The credit trust is a useful compromise between providing for spouse and minimizing taxes for children. The maximum benefit which may be given to spouse, without causing the trust to be included in spouse’s later estate, is:

1. all of the income

2. principal, if needed for support

3. the greater of $5,000.00 or 5% of the principal, each year, on demand

4. power to direct by will who will receive the principal, so long as it is not paid to spouse’s estate, the spouse’s creditors, or the creditors of spouse’s estate.

If item 3 is selected, the amount of $5,000.00 or 5% of the trust principal will be included in the spouse’s later estate. (An independent trustee may be given discretion to be even more generous to spouse, but spouse cannot have the right to principal except for “health, maintenance, support and education.”)

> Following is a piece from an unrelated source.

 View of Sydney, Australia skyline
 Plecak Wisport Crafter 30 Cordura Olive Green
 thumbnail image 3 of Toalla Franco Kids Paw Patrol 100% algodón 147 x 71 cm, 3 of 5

Please note that the credit trust provides no tax benefit for decedent or for the surviving spouse. The tax savings occurs at the death of the surviving spouse, for the benefit of children. Meanwhile, the surviving spouse must tolerate the inconvenience of having limited rights to principal. This means, for instance, that the trustee may invest not to maximize income (which spouse may desire) nor to maximize growth (which children may desire), but to provide a “reasonable” income and a reasonable prospect for growth of principal. Whether this inconvenience is viewed as large or small will depend on the spouse’s other assets, and the relationship between spouse and children.

The secret of the credit trust is that, for federal estate tax purposes, it is treated as passing directly from the first decedent to the children, whereas in fact the trust does not pass to the children until spouse dies, which may be many years later. During those years the principal of the trust may have grown much larger than $675,000, and spouse will have benefitted from the income, and perhaps from principal as well.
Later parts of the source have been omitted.